[[ STORED DATA, beginning ]]

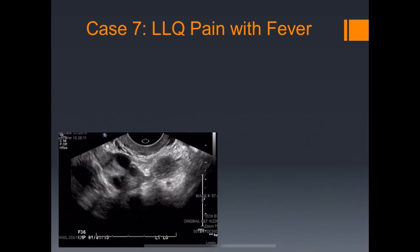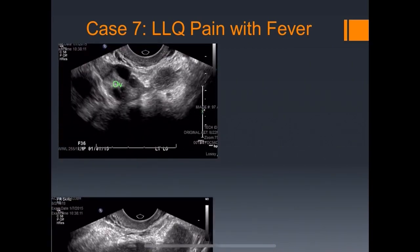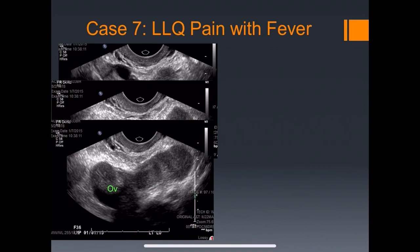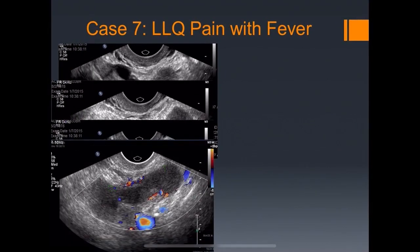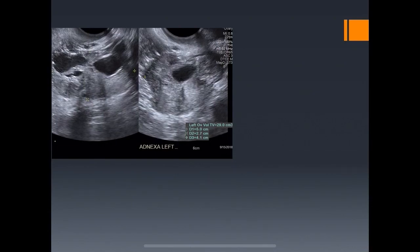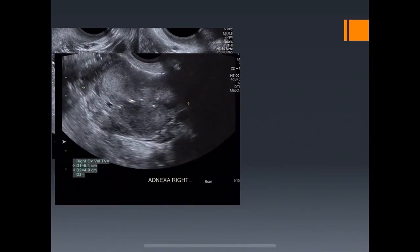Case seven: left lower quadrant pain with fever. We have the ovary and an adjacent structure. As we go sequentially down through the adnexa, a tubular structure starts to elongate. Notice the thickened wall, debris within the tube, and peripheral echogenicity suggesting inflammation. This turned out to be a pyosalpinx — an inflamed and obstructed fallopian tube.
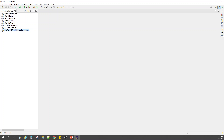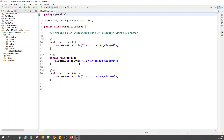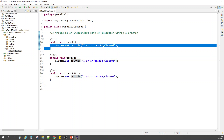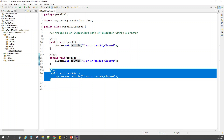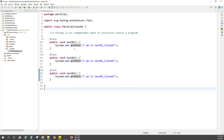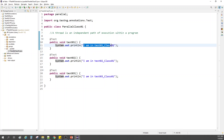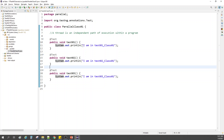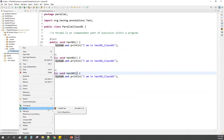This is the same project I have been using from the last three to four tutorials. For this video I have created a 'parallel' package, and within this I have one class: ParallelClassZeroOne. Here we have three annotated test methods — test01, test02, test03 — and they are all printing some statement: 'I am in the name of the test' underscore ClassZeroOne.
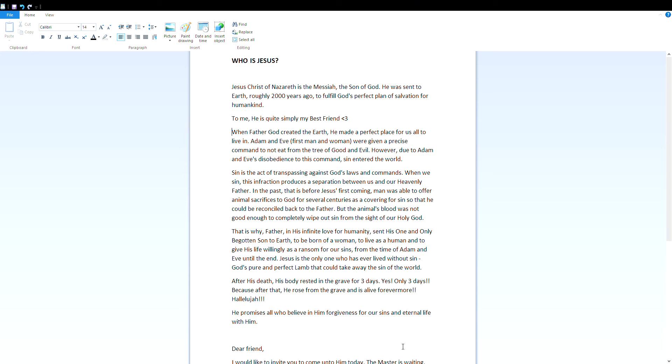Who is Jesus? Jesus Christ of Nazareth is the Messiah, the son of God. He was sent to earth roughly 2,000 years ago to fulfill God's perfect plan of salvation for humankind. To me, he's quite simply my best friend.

[[ STORED DATA, end ]]

* **WHAT THE EXERCISE ASKS**: From the first line to the last, write out the data exactly, dropping any pictures.

* **THE ANSWER**:
Case seven: left lower quadrant pain with fever. We have the ovary and an adjacent structure. As we go sequentially down through the adnexa, a tubular structure starts to elongate. Notice the thickened wall, debris within the tube, and peripheral echogenicity suggesting inflammation. This turned out to be a pyosalpinx — an inflamed and obstructed fallopian tube.
This is the same project I have been using from the last three to four tutorials. For this video I have created a 'parallel' package, and within this I have one class: ParallelClassZeroOne. Here we have three annotated test methods — test01, test02, test03 — and they are all printing some statement: 'I am in the name of the test' underscore ClassZeroOne.
Who is Jesus? Jesus Christ of Nazareth is the Messiah, the son of God. He was sent to earth roughly 2,000 years ago to fulfill God's perfect plan of salvation for humankind. To me, he's quite simply my best friend.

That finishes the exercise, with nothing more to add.